Gartner: OpenStack Lacks Clarity
An anonymous reader writes with a quick bite from El Reg: "The OpenStack open-source project has come in for criticism from a Gartner analyst because the claims made by companies frequently don't line up with reality. In a forthright post published on Tuesday Gartner analyst and research director Alessandro Perilli chided the OpenStack community for a lack of clarity, lack of transparency, lack of vision, and lack of pragmatism."
An OpenStack developer disagrees, and instead suggests that the perceived lack of clarity is just a result of the open development process. You just don't get to see which Amazon cloud projects fail since they are hidden behind the corporate wall.
What's not clear or pragmatic about the project goal of taking over the world?
Gartner "study" disparages product competing with study's funder? Shocked! Simply Shocked!
If it helps, corporate software is absolutely just as terrible.

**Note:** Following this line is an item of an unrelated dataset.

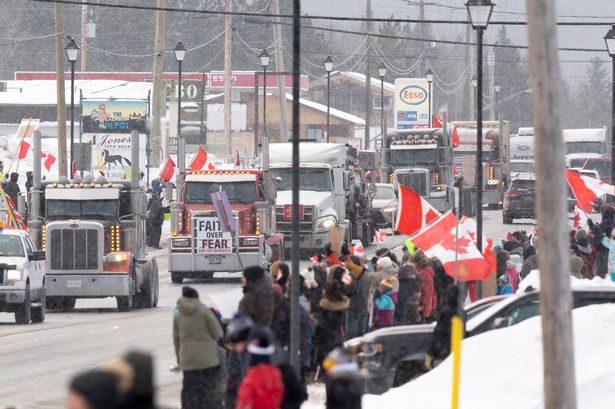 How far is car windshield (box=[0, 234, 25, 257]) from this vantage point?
2531 centimetres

Gartner is nothing more than a PR company for whoever pays for their 'analysis'.
"I can't give you a brain, so I'll give you a diploma" - The Great Oz (blatently stolen sig)
So in other words, it's exactly like a commercial package, except the support staff are on your payroll rather than someone else's, so you actually get something set for your needs rather than whatever the salesman was pushing.
You do not have a moral or legal right to do absolutely anything you want.
There's a difference, which is that most crappy corporate software isn't attempting to define standards and a platform for everyone else to build on top of. OpenStack claims to be developing a vendor-agnostic standard and reference implementation for interoperable systems.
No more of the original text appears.